At the Pentagon's South Parking Lot the smoke has cleared but not the acrid smell. From where I stand at the very base of the building, the men walking and working on its roof seem small, like miniature toy soldiers. The building is that massive. Cranes pick at its gash like vultures tearing into a wound.

There's no running and shouting anymore. Instead the parking lot that surrounds the Pentagon looks like the site of a convention, or public safety flea market. Tents have been erected. Salvation Army and Red Cross vehicles bearing license plates from Virginia, Maryland, North and South Carolina, Texas, Tennessee and a dozen other states are parked side by side with local ambulances. A mobile McDonald's has been erected, complete with Golden Arches. Enough Gatorade has been stacked on pallets to quench the thirst of the entire armed forces. Volunteers resting on folding chairs find shade and share stories, exchanging business cards.
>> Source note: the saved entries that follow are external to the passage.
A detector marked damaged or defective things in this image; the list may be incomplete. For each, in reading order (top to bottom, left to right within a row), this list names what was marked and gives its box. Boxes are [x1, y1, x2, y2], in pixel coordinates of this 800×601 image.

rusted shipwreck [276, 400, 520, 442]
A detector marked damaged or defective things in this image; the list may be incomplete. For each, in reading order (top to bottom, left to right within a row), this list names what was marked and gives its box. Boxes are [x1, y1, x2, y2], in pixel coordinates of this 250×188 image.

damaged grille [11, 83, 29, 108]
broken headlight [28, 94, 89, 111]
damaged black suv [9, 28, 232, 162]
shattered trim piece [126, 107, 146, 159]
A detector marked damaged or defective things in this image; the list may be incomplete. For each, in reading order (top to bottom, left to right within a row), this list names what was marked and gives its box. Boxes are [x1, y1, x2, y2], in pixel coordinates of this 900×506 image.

It is possible to forget that 180 bodies lie trapped beneath the rubble just yards away. But not for long. I came to perform the smallest of chores: hauling 500 pounds of charcoal briquettes from the back of my Jeep to the huge grill constructed by our friends at Tyson Food. The plant manager who supervises 600 employees at their Berlin, Maryland factory brought his team members and an eighteen-wheeler loaded with chicken. They are going through more than 8,000 pounds of chicken a day, feeding as many as 2,500 rescuers and volunteers. Share Our Strength facilitated their participation here, though nothing could have kept them away.

When they run over to express their gratitude for having some role to play, I know just how they feel. Military might alone cannot make a nation strong. It can only protect the strengths already existing within.

The fact that our national leaders will be almost exclusively focused on achieving victory over foreign adversaries makes our work to make a difference here at home not less relevant, but more so.

Beyond managing grief, the toughest challenge for those of us who are not firemen, doctors, or ironworkers has been finding a way to help. Against a catastrophe of this scale, it's almost impossible to do anything that feels significant. So the small things count. I stack the briquettes with extra care.